Task item
Quote exactly and only this range of lines in the data below: the line that holds "Fila Brasileiro Molosser" to the line that holds "A rare roan", both included.

Listed entries
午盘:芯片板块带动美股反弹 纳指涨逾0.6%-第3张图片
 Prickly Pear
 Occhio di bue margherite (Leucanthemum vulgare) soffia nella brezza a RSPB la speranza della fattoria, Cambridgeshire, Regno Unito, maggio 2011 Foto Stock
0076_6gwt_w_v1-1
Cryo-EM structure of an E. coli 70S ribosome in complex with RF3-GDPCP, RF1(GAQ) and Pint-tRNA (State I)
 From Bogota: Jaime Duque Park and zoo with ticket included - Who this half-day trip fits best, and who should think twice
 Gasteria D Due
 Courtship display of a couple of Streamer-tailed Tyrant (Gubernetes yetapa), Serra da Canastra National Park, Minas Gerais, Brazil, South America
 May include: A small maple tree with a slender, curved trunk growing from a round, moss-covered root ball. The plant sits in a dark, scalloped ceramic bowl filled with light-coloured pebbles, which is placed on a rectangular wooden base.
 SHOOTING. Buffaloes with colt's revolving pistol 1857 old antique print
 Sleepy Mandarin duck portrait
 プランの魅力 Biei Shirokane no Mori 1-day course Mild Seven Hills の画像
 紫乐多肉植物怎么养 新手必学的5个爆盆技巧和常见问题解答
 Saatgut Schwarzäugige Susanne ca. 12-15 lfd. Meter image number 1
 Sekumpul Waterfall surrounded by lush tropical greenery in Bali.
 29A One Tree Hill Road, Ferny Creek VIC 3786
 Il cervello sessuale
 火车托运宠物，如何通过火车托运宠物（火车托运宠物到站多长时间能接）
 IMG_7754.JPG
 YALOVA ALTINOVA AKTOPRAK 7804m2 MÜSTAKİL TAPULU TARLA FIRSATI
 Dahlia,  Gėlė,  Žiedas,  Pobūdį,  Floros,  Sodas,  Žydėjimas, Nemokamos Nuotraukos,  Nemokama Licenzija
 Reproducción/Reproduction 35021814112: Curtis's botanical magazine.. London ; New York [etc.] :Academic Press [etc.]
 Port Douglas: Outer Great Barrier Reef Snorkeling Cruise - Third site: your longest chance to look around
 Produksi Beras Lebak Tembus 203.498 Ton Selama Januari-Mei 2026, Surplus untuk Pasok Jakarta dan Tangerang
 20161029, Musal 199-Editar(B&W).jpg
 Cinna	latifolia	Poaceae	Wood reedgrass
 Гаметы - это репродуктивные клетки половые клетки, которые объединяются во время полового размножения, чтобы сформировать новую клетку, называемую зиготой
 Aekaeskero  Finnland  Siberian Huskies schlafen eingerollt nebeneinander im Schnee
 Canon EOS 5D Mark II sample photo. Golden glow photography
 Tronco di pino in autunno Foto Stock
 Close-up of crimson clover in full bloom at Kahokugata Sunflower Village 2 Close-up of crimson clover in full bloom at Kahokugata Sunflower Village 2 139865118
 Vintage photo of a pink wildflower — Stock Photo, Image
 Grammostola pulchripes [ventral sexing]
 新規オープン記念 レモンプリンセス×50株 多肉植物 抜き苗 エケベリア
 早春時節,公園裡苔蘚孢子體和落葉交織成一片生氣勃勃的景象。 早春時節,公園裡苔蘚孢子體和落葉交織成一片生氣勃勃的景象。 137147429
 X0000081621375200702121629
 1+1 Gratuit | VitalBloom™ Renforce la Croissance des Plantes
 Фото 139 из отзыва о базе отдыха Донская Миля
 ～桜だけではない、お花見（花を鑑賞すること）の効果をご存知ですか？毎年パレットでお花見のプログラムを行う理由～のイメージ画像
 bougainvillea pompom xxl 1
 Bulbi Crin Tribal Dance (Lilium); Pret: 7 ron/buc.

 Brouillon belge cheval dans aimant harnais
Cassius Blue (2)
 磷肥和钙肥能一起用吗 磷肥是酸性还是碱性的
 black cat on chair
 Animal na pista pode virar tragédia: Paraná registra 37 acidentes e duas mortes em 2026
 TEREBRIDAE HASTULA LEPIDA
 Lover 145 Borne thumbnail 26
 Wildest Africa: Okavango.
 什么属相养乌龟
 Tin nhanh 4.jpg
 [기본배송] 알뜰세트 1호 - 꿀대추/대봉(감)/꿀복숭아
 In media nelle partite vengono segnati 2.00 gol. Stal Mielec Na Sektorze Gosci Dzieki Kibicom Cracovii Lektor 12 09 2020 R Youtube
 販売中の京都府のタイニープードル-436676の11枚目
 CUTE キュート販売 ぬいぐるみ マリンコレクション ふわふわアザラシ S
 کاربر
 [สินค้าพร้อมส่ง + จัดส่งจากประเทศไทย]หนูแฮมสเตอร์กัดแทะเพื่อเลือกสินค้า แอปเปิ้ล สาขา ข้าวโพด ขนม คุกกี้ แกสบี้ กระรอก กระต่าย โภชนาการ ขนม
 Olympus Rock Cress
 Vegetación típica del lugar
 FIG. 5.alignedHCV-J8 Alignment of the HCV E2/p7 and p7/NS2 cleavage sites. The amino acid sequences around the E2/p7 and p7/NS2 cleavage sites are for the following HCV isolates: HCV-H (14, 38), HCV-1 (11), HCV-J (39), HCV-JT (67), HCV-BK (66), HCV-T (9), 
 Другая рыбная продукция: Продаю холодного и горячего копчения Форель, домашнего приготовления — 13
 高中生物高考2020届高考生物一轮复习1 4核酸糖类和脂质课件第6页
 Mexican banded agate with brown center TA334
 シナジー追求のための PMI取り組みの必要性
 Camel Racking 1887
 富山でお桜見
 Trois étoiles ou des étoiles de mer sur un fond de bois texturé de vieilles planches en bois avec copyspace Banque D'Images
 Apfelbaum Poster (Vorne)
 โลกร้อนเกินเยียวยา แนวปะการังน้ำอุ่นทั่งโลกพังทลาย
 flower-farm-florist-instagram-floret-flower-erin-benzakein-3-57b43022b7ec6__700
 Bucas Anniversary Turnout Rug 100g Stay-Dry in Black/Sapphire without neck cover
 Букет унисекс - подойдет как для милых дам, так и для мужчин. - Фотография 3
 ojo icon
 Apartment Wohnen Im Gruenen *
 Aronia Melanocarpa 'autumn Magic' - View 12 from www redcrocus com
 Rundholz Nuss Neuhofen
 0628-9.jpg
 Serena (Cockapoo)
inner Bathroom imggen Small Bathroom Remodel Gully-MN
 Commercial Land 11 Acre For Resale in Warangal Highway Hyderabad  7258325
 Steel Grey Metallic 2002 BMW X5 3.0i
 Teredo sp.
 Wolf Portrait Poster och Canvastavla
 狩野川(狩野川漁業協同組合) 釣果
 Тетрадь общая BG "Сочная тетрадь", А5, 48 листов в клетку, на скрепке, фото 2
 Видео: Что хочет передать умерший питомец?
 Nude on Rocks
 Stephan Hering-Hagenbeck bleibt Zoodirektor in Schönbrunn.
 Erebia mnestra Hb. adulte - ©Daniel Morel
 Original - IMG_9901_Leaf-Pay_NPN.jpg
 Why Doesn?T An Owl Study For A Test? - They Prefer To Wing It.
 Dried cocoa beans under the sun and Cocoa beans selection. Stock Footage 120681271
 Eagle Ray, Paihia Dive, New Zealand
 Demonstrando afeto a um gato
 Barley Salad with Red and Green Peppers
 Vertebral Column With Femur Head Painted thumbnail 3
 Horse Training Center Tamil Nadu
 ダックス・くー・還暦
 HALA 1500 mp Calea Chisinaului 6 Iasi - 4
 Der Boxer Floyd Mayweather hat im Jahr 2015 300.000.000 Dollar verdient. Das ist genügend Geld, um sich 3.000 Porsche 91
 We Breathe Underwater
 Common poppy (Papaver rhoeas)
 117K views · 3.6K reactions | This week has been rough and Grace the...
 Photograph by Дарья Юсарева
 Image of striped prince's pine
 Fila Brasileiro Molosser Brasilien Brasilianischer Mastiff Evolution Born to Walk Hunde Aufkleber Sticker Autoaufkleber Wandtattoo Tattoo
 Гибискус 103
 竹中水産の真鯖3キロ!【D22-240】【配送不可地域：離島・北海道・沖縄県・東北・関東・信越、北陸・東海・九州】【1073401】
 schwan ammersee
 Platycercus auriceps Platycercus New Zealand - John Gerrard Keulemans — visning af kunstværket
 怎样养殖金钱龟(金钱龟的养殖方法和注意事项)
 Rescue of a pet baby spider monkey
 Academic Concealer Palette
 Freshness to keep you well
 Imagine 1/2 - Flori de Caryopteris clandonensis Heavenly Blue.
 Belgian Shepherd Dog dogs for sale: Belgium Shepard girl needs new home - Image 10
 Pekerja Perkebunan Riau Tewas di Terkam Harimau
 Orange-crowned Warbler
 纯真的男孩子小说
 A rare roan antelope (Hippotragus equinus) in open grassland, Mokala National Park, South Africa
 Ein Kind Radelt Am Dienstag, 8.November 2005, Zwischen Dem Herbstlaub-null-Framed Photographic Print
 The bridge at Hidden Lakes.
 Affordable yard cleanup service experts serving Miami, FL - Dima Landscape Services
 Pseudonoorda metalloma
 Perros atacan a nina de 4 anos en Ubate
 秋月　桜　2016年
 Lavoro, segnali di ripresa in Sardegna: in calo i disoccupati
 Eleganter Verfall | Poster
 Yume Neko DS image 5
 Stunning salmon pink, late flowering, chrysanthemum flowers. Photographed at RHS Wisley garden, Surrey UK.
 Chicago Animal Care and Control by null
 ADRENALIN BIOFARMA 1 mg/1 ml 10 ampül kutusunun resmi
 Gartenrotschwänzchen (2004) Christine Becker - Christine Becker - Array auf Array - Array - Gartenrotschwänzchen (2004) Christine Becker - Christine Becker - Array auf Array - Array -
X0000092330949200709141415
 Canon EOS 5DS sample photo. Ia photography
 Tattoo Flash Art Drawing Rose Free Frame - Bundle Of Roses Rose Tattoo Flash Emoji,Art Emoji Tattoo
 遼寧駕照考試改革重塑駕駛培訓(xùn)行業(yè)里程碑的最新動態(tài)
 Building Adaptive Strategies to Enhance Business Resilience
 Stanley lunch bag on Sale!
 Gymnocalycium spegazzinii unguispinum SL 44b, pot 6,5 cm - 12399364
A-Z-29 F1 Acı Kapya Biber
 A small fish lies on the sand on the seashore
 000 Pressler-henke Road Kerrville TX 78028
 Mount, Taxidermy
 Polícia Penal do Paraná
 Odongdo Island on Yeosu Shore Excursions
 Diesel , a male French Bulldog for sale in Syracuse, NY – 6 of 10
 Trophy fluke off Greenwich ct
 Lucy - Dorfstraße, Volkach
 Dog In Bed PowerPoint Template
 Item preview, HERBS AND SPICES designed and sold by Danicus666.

Expected output
 Fila Brasileiro Molosser Brasilien Brasilianischer Mastiff Evolution Born to Walk Hunde Aufkleber Sticker Autoaufkleber Wandtattoo Tattoo
 Гибискус 103
 竹中水産の真鯖3キロ!【D22-240】【配送不可地域：離島・北海道・沖縄県・東北・関東・信越、北陸・東海・九州】【1073401】
 schwan ammersee
 Platycercus auriceps Platycercus New Zealand - John Gerrard Keulemans — visning af kunstværket
 怎样养殖金钱龟(金钱龟的养殖方法和注意事项)
 Rescue of a pet baby spider monkey
 Academic Concealer Palette
 Freshness to keep you well
 Imagine 1/2 - Flori de Caryopteris clandonensis Heavenly Blue.
 Belgian Shepherd Dog dogs for sale: Belgium Shepard girl needs new home - Image 10
 Pekerja Perkebunan Riau Tewas di Terkam Harimau
 Orange-crowned Warbler
 纯真的男孩子小说
 A rare roan antelope (Hippotragus equinus) in open grassland, Mokala National Park, South Africa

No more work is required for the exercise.